We were living in Plano at the time. Our yard was completely covered by golfball-sized and larger hail stones in about 15 minutes. In some areas of the yard, the hail was piled up over 4 inches deep. It was a very bizarre experience! My defenseless red 4Runner was badly pummeled, with its alarm screaming the entire time. The vehicle looked like it had been attacked by an enraged loon with a large ball peen hammer. There were homes in Wiley that had cannon ball size hail go completely through their roof and ceiling that day. One of our cats was badly affected by the storm and the deafening noise it caused. He is still traumatized by it. Every time the barometric pressure drops and Teddy feels a distant rumble of thunder vibrating the floor in our old pier and beam, he slinks into the hallway near our bedroom door and flattens out next to a desk, not moving at all until the storm and all the noise stops. We seldom ever hear the thunder or detect the change in barometric pressure, but Teddy does. Poor little purrboy.
Ahhh, my Southern brethren. This is some great footage. You're yelling NO NO NO NO but you can not go inside. The sirens going off intrigues us more. 😅 In all seriousness I hope you kept safe and stay safe in the future. These storms are getting really nuts lately. ~ Okie
In 98, I lived in Western Kentucky and we had 3 tornados in our city. It brought baseball/softball size hail. It was so bad, in the days and months following, you couldn't go anywhere without seeing hail damaged vehicles. Several car dealerships had total losses to all of their vehicles too. I drove my old 84 Scottsdale to work that day and only suffered a few dents. Lil bondo and paint and my ride was good to go. Helluva day though. Never experienced anything like it.

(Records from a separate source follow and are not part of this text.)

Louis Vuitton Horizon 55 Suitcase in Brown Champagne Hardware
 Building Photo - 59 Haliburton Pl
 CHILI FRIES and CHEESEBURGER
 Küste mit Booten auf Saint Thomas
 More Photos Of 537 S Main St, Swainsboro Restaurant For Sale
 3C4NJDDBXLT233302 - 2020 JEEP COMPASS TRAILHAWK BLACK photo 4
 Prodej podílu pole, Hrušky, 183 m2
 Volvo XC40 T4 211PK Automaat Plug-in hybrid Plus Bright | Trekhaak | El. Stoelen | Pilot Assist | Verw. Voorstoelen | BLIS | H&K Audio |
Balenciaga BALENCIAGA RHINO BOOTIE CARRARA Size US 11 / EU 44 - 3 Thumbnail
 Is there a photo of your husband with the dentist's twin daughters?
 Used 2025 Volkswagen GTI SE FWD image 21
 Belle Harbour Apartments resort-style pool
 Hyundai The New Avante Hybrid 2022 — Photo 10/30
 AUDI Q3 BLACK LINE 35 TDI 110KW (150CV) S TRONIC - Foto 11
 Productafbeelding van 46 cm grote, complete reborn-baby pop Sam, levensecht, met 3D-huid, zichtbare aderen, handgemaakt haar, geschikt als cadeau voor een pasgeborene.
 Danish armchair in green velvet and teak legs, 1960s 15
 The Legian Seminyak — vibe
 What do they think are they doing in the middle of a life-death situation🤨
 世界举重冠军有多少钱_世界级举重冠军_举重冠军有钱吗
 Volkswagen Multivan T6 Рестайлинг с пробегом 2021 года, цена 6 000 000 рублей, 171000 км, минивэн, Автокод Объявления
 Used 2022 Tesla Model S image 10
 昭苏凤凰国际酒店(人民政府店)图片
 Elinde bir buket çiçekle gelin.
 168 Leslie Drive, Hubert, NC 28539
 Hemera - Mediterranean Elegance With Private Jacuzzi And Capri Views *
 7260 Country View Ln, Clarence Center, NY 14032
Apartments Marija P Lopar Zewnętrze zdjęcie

That storm produced some of the best hail footage of any in the US in the last several years. Nice documentation of it! I bet those stones damaged your roof/windows/cars pretty badly.
That was terribly scary. I would have freaked out. I am so sorry for the damage you suffered, but you provided some of the best hail footage I have ever seen.
In the future, please don't wave the camera back forth so fast. One landed in the pool, you swung the camera to that, we don't have time to make sense of what we are seeing, and you immediately swing around to look at sonething elsd. Pick one thing to focus on and stay on it.
6:32 - "I'm startin' to get worried. Nah, we're fine." Literally 3 minutes later: Hailstones the size of grapefruits and winds gusting to 70 mph hit their home and destroy their windows
In Tulsa ok 2013 , rain , storms, ⚡ thunder, then hail , then calm eerily green sky quiet, then the sound of locomotives 🌪️🌪️rolling down hwy44😮ef2 a few hundred yards away missed us .Very Weird night...
Nobody does basements in Texas, mate. It's probably riskier to stand at a window💥 trying to catch rare footage like this than to stay well under the porch roof.